= Ivica Mlivončić =

Croatian journalist

Ivica Mlivončić (1931 – 1 April 2013) was a Croatian author and columnist in Slobodna Dalmacija from Split. Born in Vareš, he graduated at the Faculty of Theology in Ljubljana, then at the Faculty of Political Sciences in Belgrade and the Faculty of Philosophy in Zadar. Mlivončić published several books dealing with religion, the Croatian War of Independence and the Croat–Bosniak War, most notably "The Crime with the Seal" in 1998 about war crimes against Croats, which was included in the Court records of the International Criminal Tribunal for the former Yugoslavia (ICTY).

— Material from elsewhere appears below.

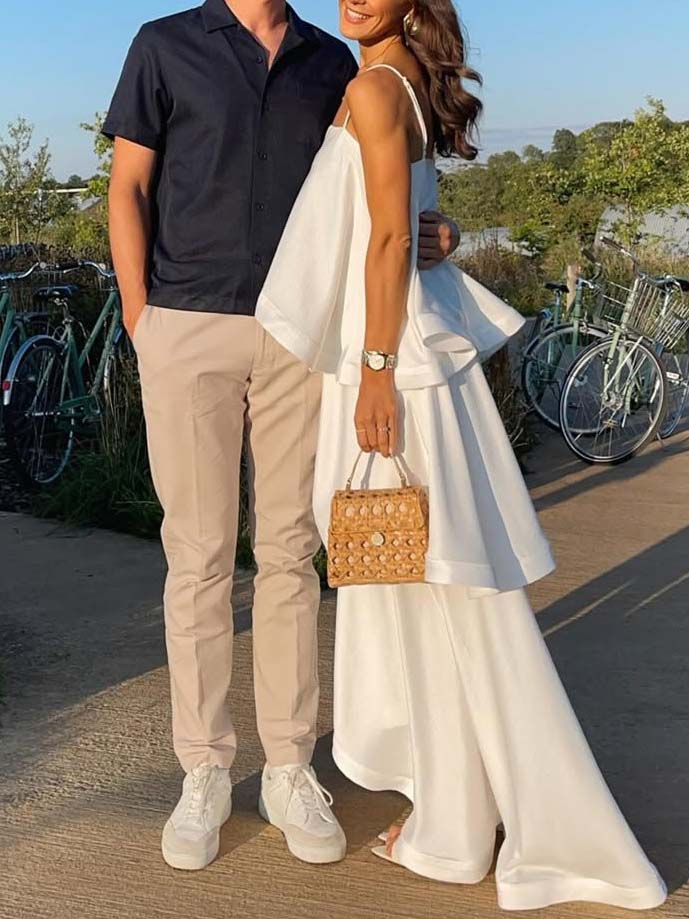 Elegantes dreilagiges Sling-Maxikleid mit Rüschen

He was a defense witness at the ICTY in the case against Tihomir Blaškić in 1998. He died on 1 April 2013.

==Publications==
- Crkva u Latinskoj Americi, 1988.
- Pape i Hrvati, 1993.
- Kraljeva Sutjeska i Vareš : povijesne crtice (urednik izdanja), 1996.
- Zločin s pečatom : genocid i ratni zločini muslimansko-bošnjačkih snaga nad Hrvatima BiH 1992. - 1994. , 1998. (2. proš. izd. 2001., 3. izd. 2004.)
- Al Qaida se kalila u Bosni i Hercegovini: mjesto i uloga mudžahida u Republici Hrvatskoj i Bosni i Hercegovini od 1991. do 2005. godine, 2007.
- Muslimanski logori za Hrvate: u vrijeme rata u Bosni i Hercegovini 1991.-1995. godine, 2008.
- Vareš od početaka do rata i poraća 1991-2000 , 2011.